Lara abaixou a cabeça, mas antes que Carmem continuasse a humilhar, Sr. Augusto, o dono da mansão, apareceu no corredor.
— Carmem, por favor. — Ele olhou para Lara com gentileza. — Seja bem-vinda. Meus filhos precisam de pessoas de coração.
E foi assim que ela entrou na casa que mudaria seu destino. Os gêmeos — Lucas e Laura, de três anos — viviam apagados desde a morte da mãe. A governanta os tratava como incômodos, sempre trancados no quarto, sem afeto.
Mas numa tarde silenciosa, Lara ouviu choros atrás da porta.
— Tudo bem aí?
Dois rostinhos tristes apareceram.
— A gente quer a mamãe… — sussurrou Laura.
Lara se ajoelhou.
— Eu não posso trazer ela de volta, mas posso cuidar de vocês.
Os pequenos abriram a porta, e pela primeira vez em meses riram — brincando de castelo feito com lençol. Mas a alegria durou pouco. Carmem entrou como um trovão.
— Fora daqui! — puxou as crianças. — Faxineira não entra no quarto dos gêmeos!
A partir desse dia, o ódio dela cresceu. Quando percebeu que os pequenos começavam a amar Lara, decidiu destruí-la. E numa noite de tempestade, empurrou Lara para o banheiro e trancou a porta.
— Aprende a não se meter onde não deve.
O que Carmem não esperava era que os gêmeos, ouvindo Lara gritar, entrassem pela passagem lateral — e também ficassem presos.
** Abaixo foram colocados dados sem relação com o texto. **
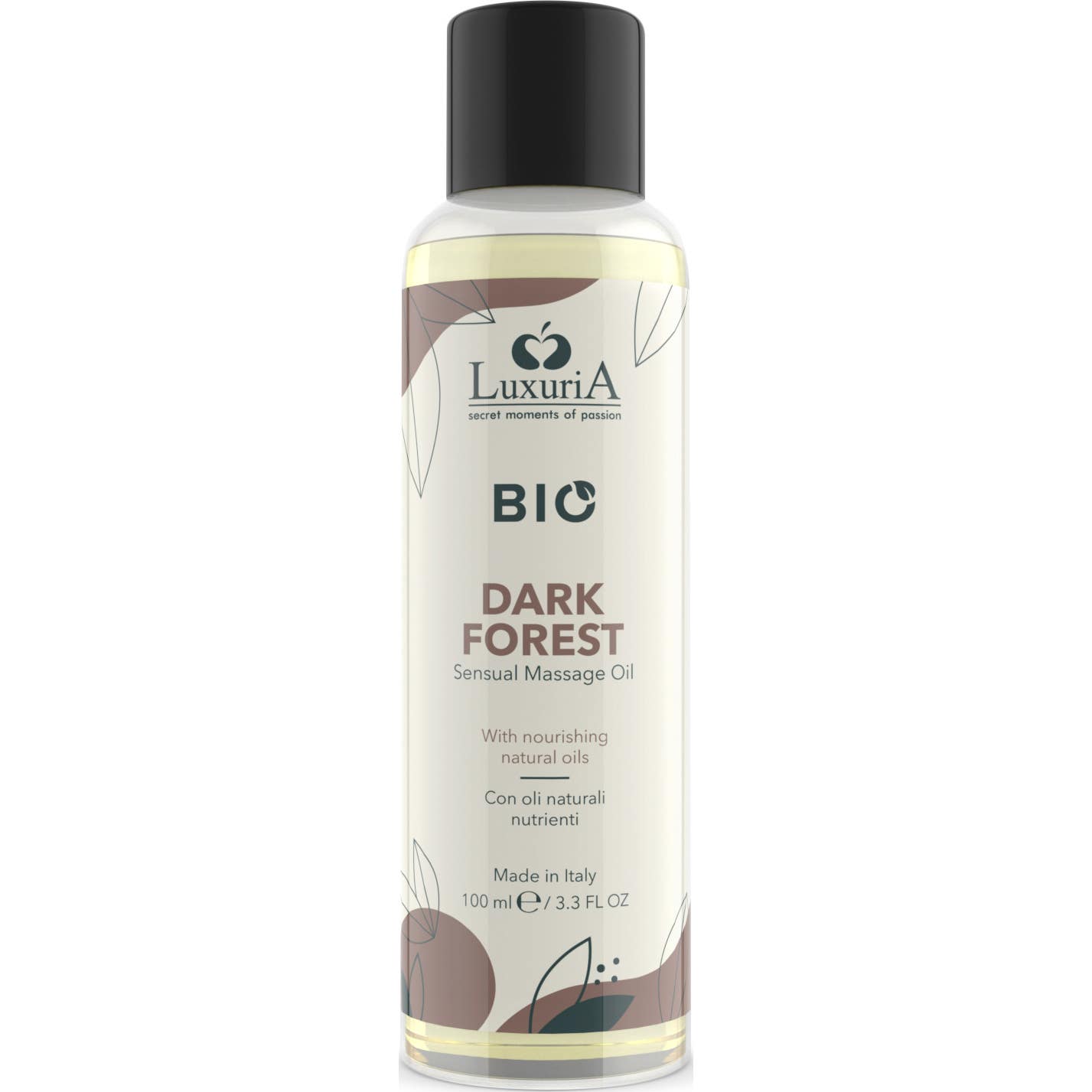 Luxuria Bio Aceite Masaje Dark Forest 100ml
— Tia Lara… eu tô com medo.
— Eu tô aqui, meus amores. Deus está também.
Eles oraram baixinho, enquanto do lado de fora a mansão mergulhava em pânico — Augusto não encontrava os filhos. Quando ouviu a voz de Lara atrás da porta, correu. Arrombou a fechadura.
E a cena que viu fez seu coração gelar: Lara abraçada aos dois, tentando acalmá-los.
— Papai… ela cuidou da gente — disse Lucas.
Quando Carmem tentou acusá-la, Augusto mandou verificar as câmeras. E ali estava a verdade: a governanta trancando a porta com um sorriso cruel.
Ela foi demitida na mesma hora.
Nos dias seguintes, a mansão ganhou outra vida. As crianças correram pelos corredores novamente. Riam. Cantavam. Lara virou a luz que eles tinham perdido.
Até que Augusto, emocionado, a chamou ao jardim.
— Lara… você devolveu meus filhos para mim. Você devolveu minha casa… e devolveu a mim mesmo.
Ela baixou os olhos, tímida.
— Só fiz o que qualquer pessoa faria.
— Não. Você fez o que um anjo faria.
A partir dali, Lara se tornou parte da família que ela nunca imaginou ter.